▶ **Your instructions**
From the entries below, please output exactly the lines starting at the one containing "DreamBid. Изображение 10." and ending at the one containing "Tazza Teschio a", both included.

▶ **Supplied data**
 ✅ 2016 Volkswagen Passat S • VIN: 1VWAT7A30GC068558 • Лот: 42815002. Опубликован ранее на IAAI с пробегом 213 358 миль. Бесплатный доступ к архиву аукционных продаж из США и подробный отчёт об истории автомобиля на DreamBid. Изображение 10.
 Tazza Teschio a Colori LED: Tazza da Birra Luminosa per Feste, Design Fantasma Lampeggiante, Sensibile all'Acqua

...

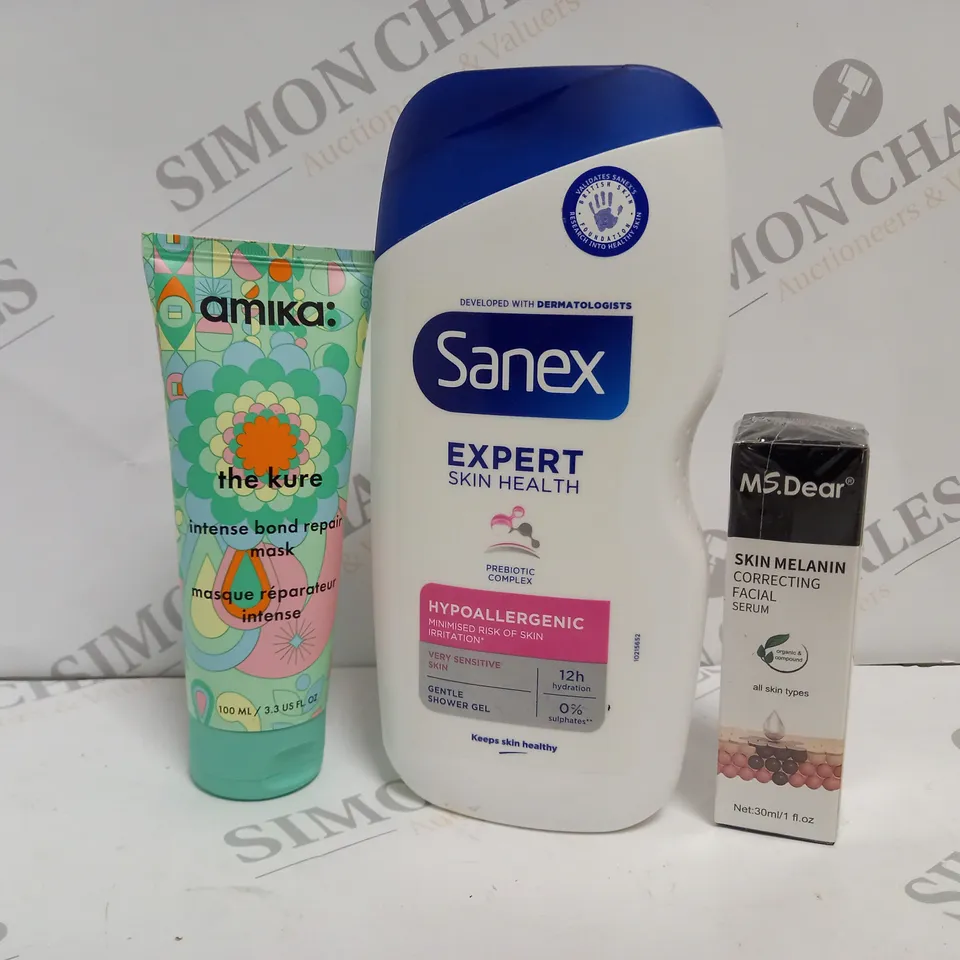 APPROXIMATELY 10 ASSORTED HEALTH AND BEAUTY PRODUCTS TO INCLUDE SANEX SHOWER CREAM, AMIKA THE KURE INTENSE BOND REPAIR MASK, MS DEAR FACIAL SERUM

...

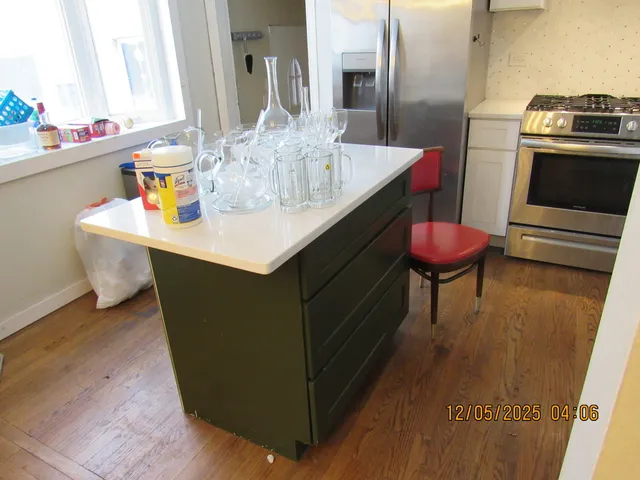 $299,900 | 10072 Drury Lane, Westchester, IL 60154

▶ **Exercise result**
 ✅ 2016 Volkswagen Passat S • VIN: 1VWAT7A30GC068558 • Лот: 42815002. Опубликован ранее на IAAI с пробегом 213 358 миль. Бесплатный доступ к архиву аукционных продаж из США и подробный отчёт об истории автомобиля на DreamBid. Изображение 10.
 Tazza Teschio a Colori LED: Tazza da Birra Luminosa per Feste, Design Fantasma Lampeggiante, Sensibile all'Acqua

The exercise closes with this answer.